• **Prompt**
Return the records exactly as they appear below, omitting the pictures.

Items from a dataset
····················
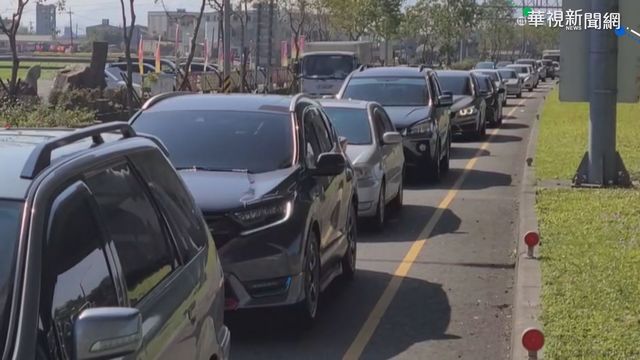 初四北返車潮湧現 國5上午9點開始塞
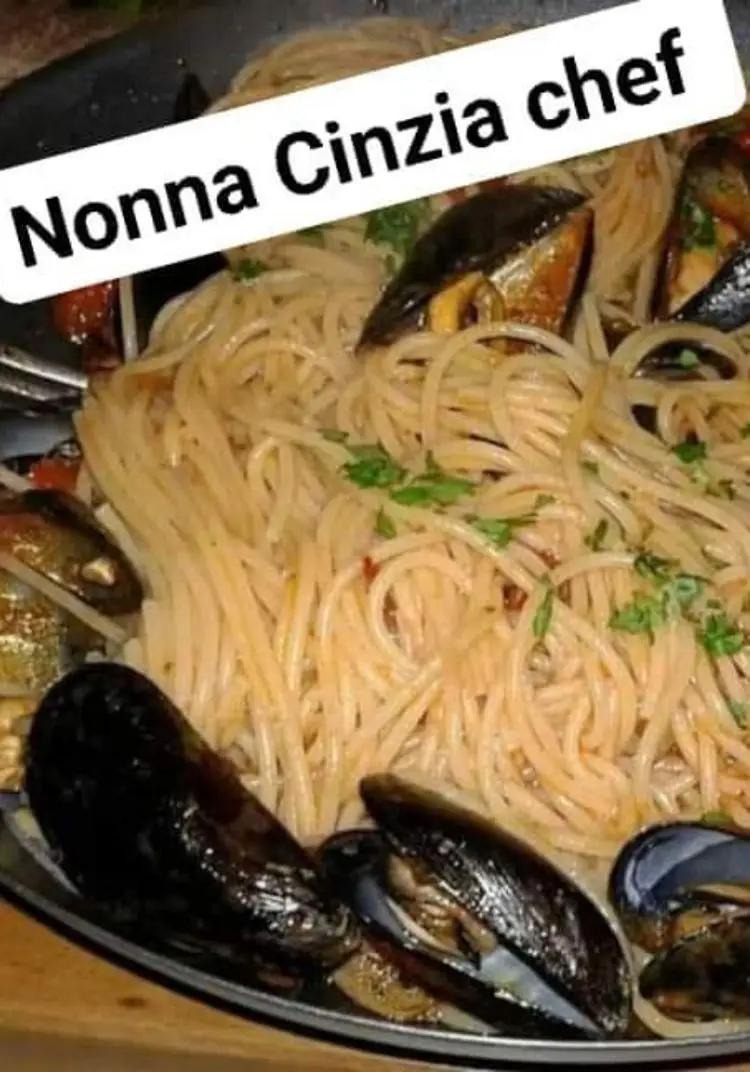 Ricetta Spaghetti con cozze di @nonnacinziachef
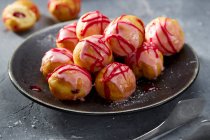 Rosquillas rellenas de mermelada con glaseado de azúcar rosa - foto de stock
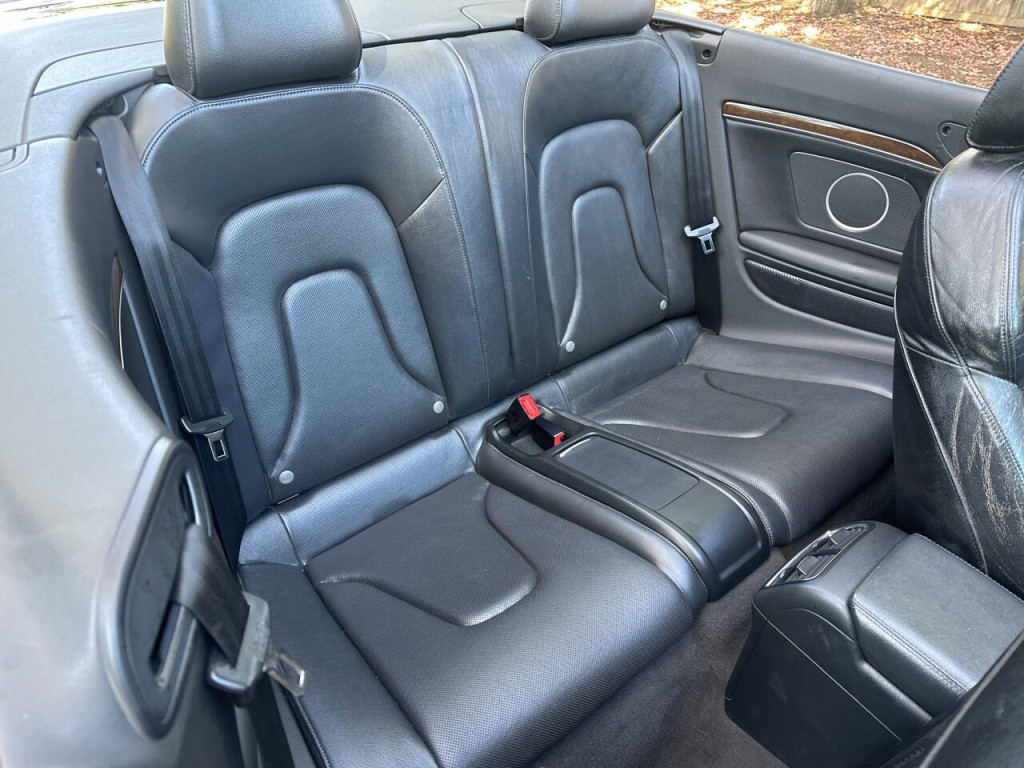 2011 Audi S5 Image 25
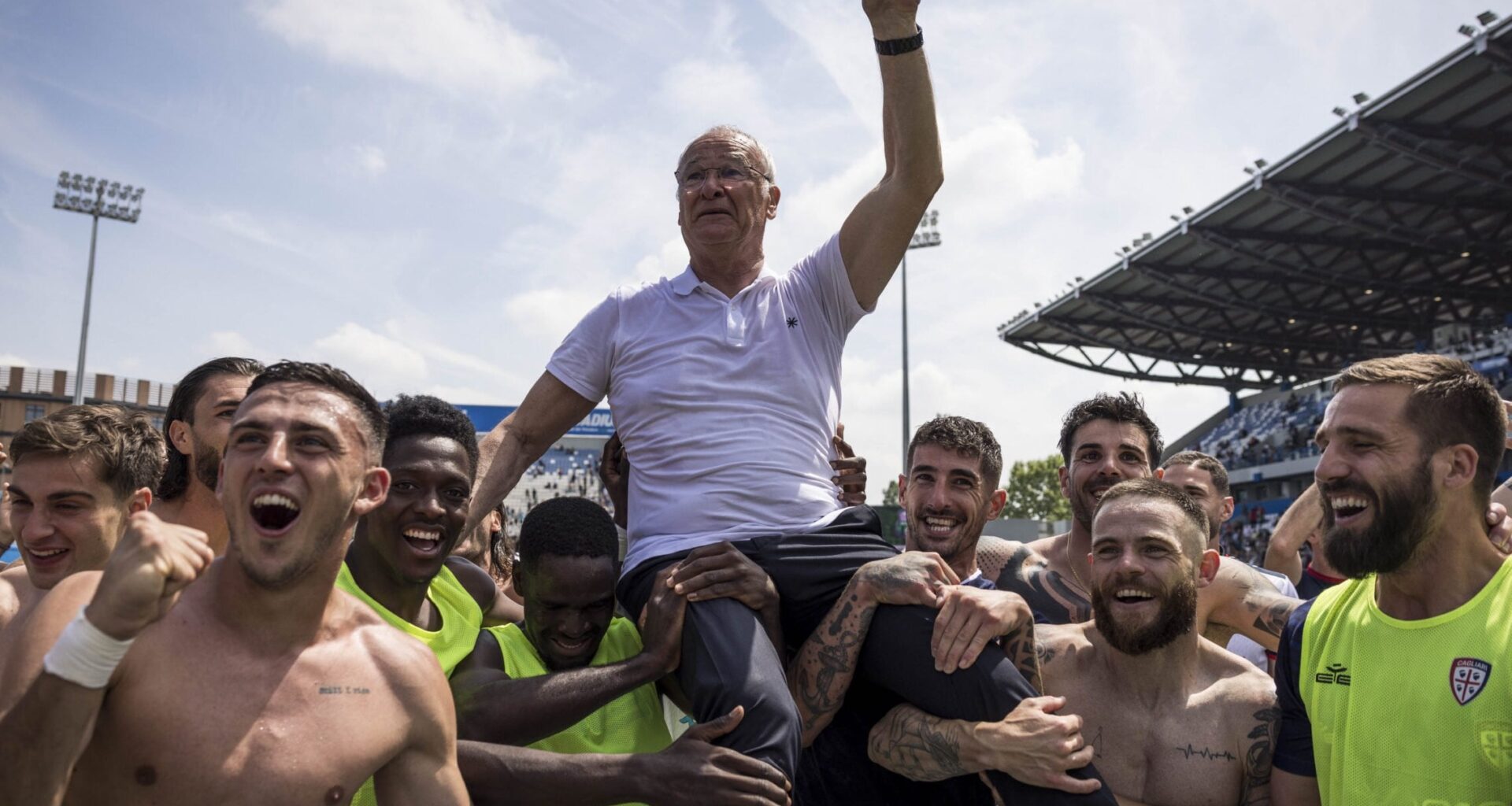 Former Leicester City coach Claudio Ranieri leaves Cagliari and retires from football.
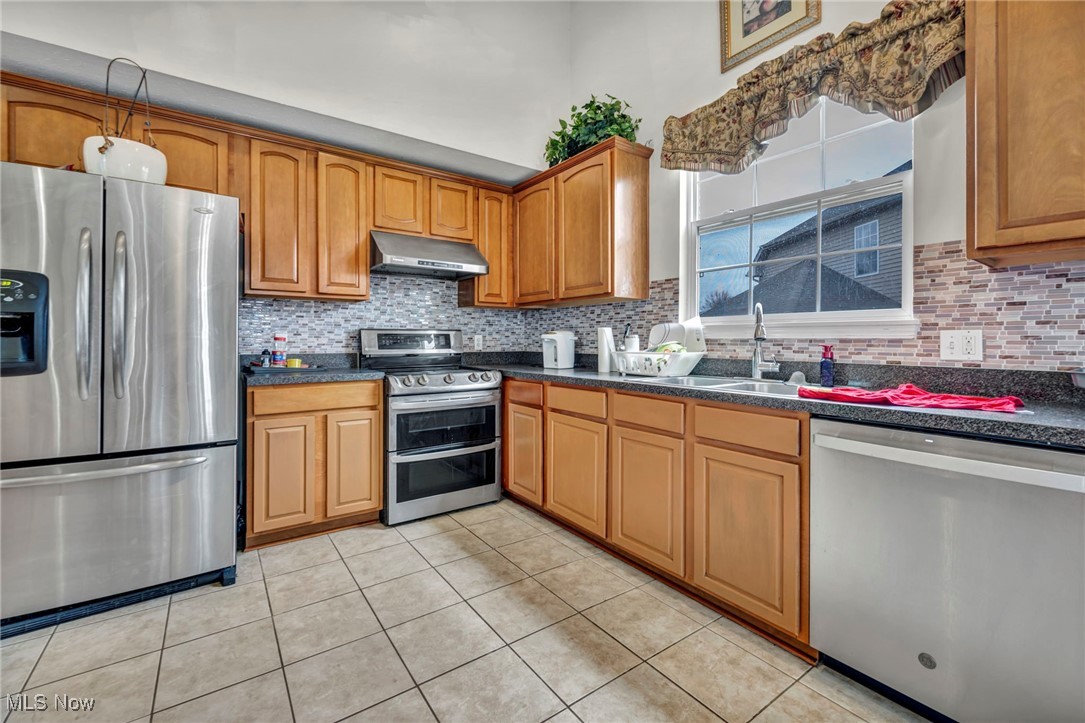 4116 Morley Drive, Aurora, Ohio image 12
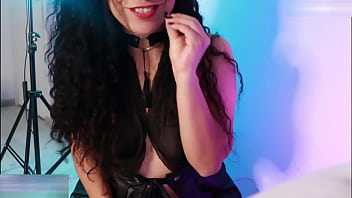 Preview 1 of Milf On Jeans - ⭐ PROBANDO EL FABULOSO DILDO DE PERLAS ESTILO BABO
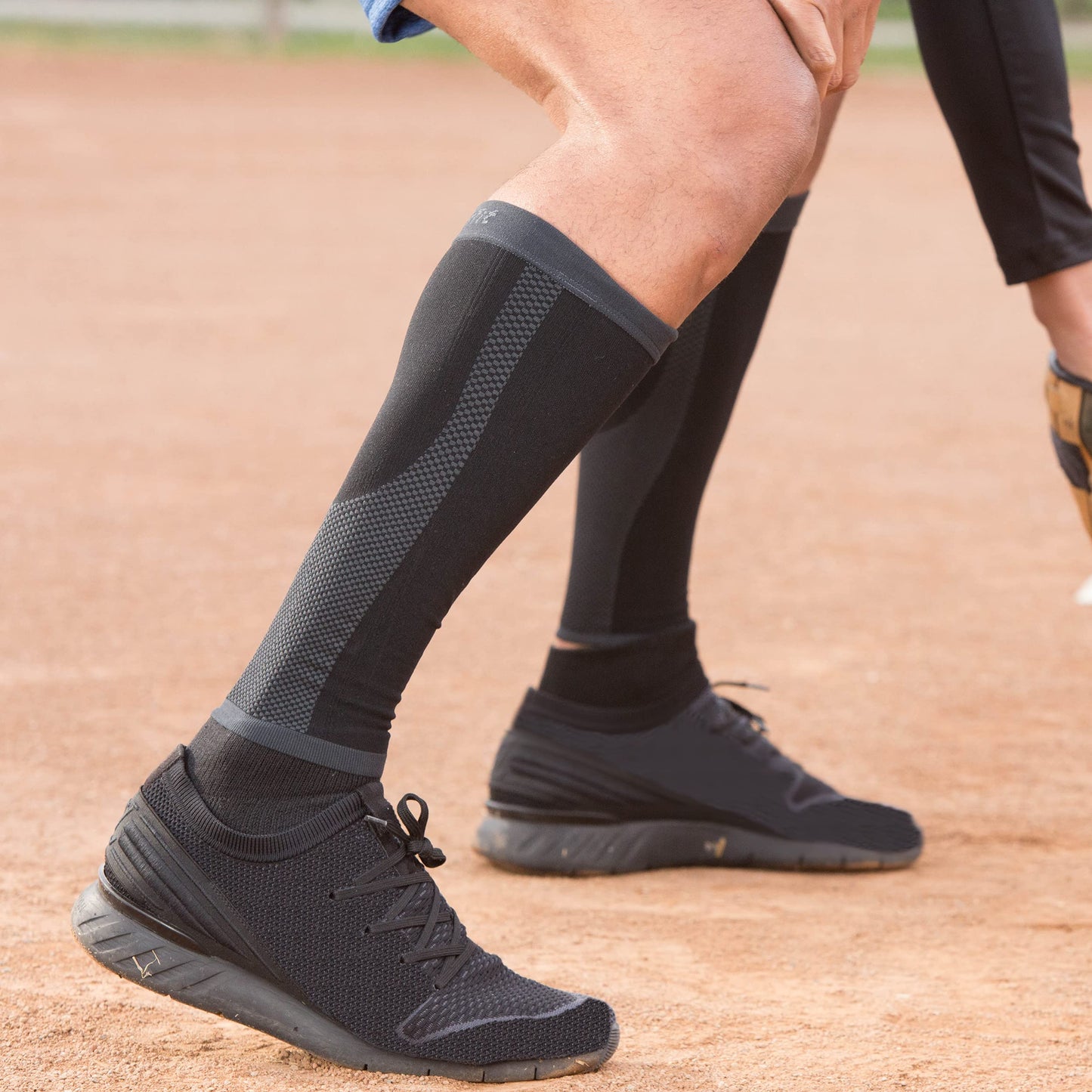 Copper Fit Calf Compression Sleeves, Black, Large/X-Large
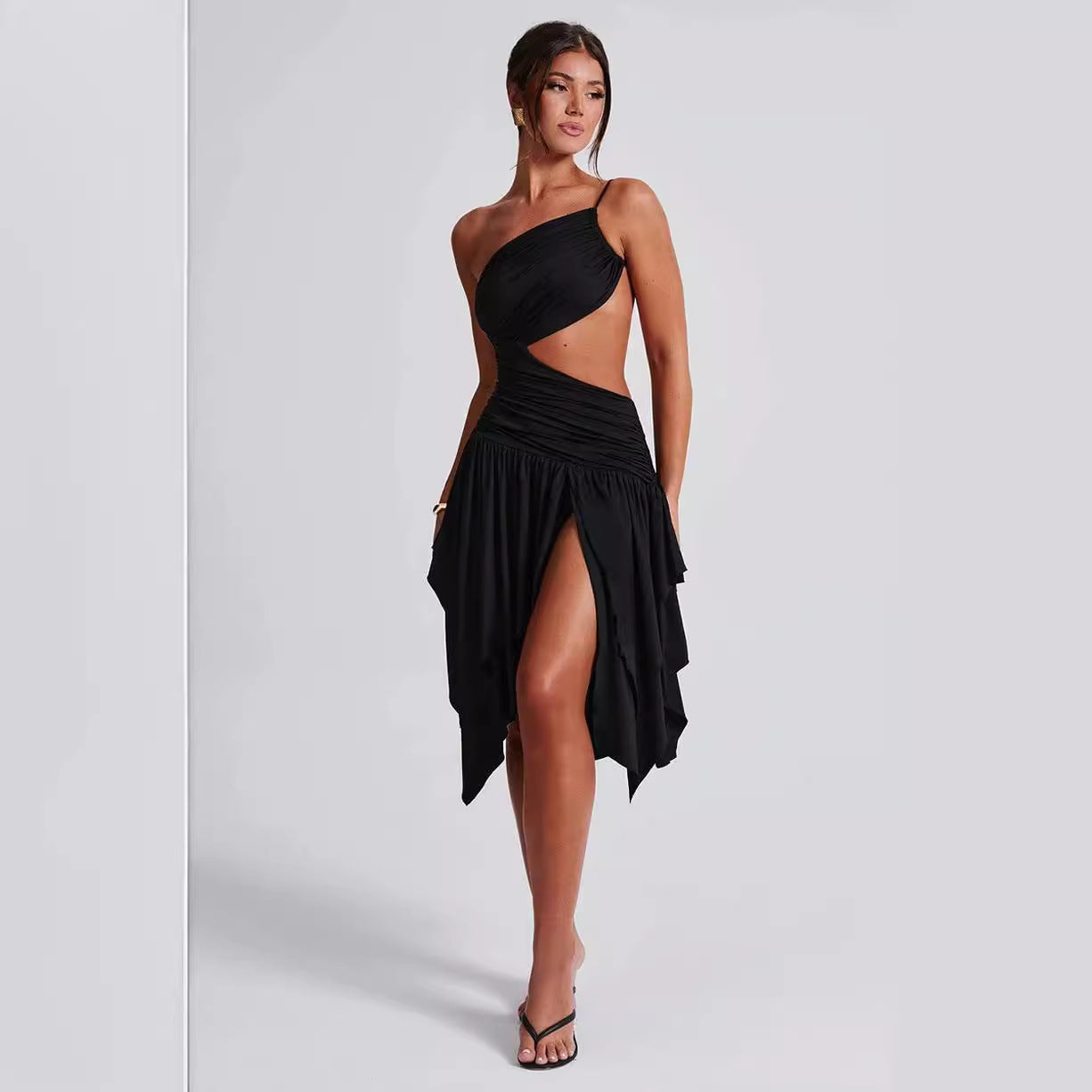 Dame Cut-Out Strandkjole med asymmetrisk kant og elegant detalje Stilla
····················
• **Answer to this problem**
 初四北返車潮湧現 國5上午9點開始塞
 Ricetta Spaghetti con cozze di @nonnacinziachef
 Rosquillas rellenas de mermelada con glaseado de azúcar rosa - foto de stock
 2011 Audi S5 Image 25
 Former Leicester City coach Claudio Ranieri leaves Cagliari and retires from football.
 4116 Morley Drive, Aurora, Ohio image 12
 Preview 1 of Milf On Jeans - ⭐ PROBANDO EL FABULOSO DILDO DE PERLAS ESTILO BABO
 Copper Fit Calf Compression Sleeves, Black, Large/X-Large
 Dame Cut-Out Strandkjole med asymmetrisk kant og elegant detalje Stilla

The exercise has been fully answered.